魔恋奇譚~憧れカレと一緒に王国を救うため、魔法使いになりました
 それから二日間、私は同じ川のところで魔法の勉強を続けた。現実世界では私は電車の中で居眠りをしているはずだから、ゲームの中で数日過ごしたとしても、きっと現実世界ではあっという間の出来事なんだろうな。それならさっさとゲームを終わらせちゃって、目を覚ましたい。また前みたいに勇飛くんをこっそり見つめるだけの生活になるけれど、やっぱりここは本物の世界じゃないもの。

 とはいえ、ゲームを終わらせるには、王城に忍び込んで内情を探らなければならない。そうしておいて対策を考えるのだから、対策によっては戦いになったりするんだろうか。

「だいたいいつの世も暴君っているのよね~」

 私は世界史の授業を思い出しながらため息をついた。

 あ、いけない。
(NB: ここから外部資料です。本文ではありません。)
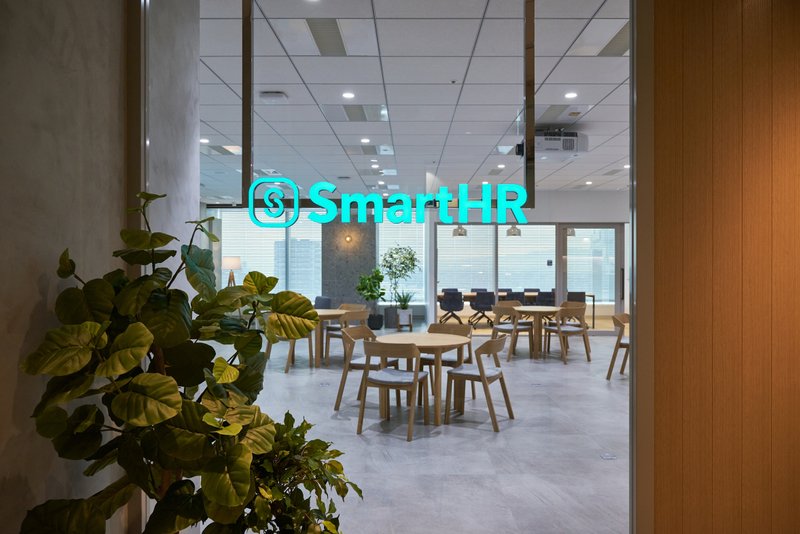「SmartHR」という光る文字がぶら下がっており、手前左には木が、奥には椅子と机が並んでいる様子が見える写真。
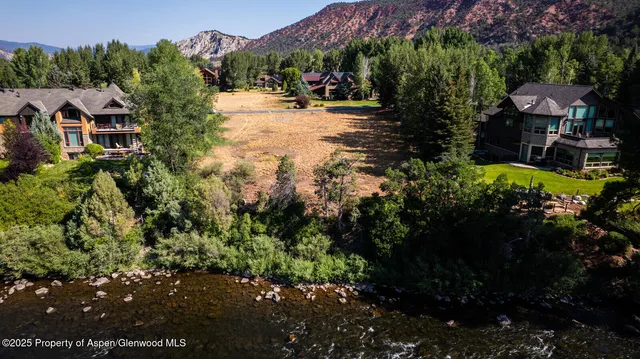 a view of a city with mountains in the background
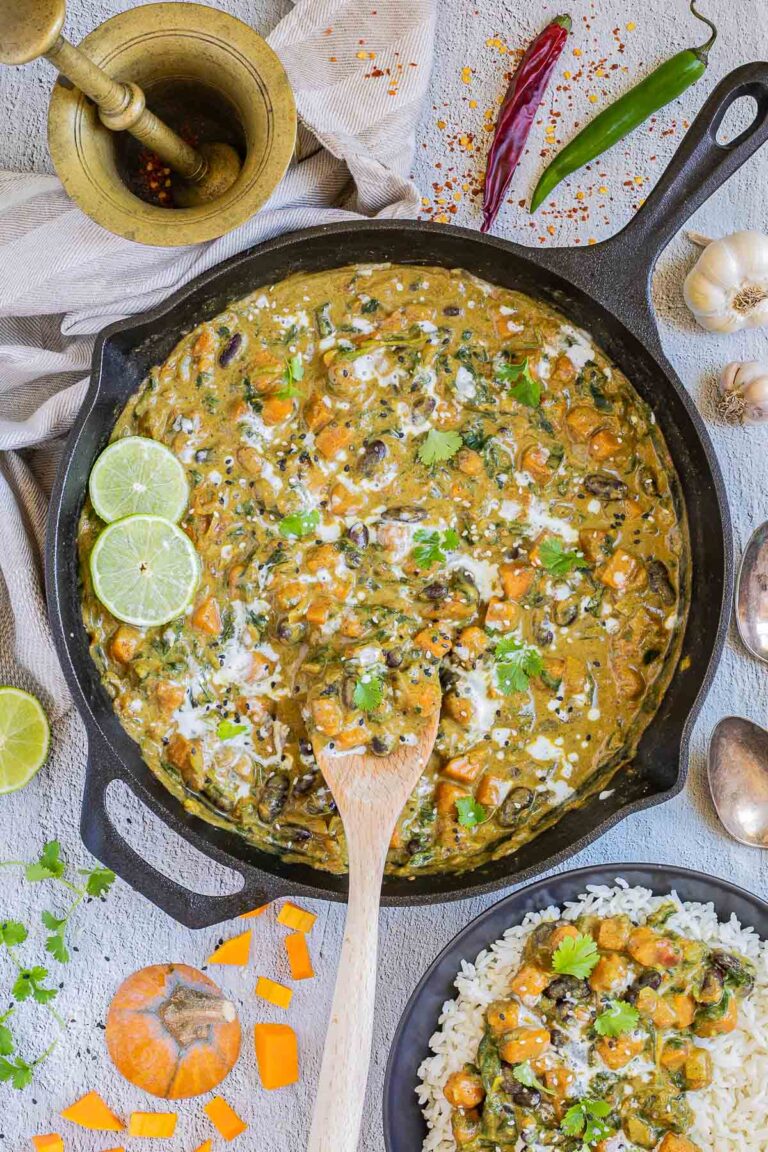 Cast iron skillet with a green-brown curry sauce, orange butternut squash cubes, red kidney beans, and spinach pieces. It is drizzled with white sauce and topped with fresh green herbs. A small bowl with rice and curry is next to it.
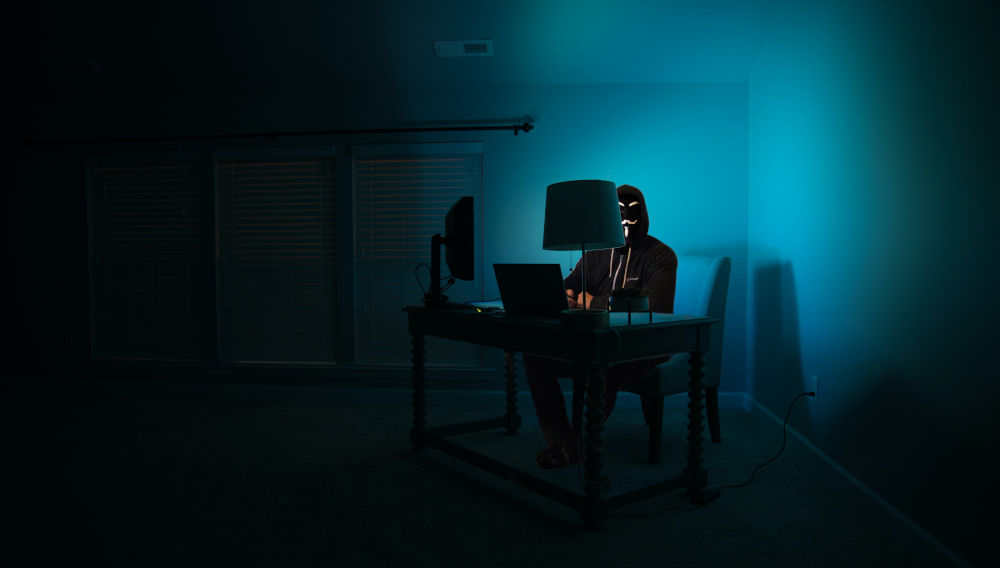 A man at a computer disguised as an anonymous hacker wearing a Guy Fawkes mask (Photo: Clint Patterson on Unsplash)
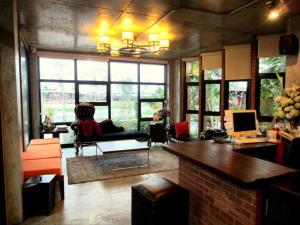 Posezení v ubytování De Aerng Boutique Hotel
脱線しちゃった。

 毎日がんばったかいあってか、生命エネルギーの消費の少ない初級魔法なら、続けて四つくらい使えるようになった。さらに、そこで栄養補給をすれば、あと二つくらい魔法が使える。でも、それ以上魔法をかけようと思うなら、やっぱり少し休んだり寝たりしないといけない。中級魔法、上級魔法はもっと大変そうなので、とりあえず体力と能力に見合った魔法だけ使うようにしようっと。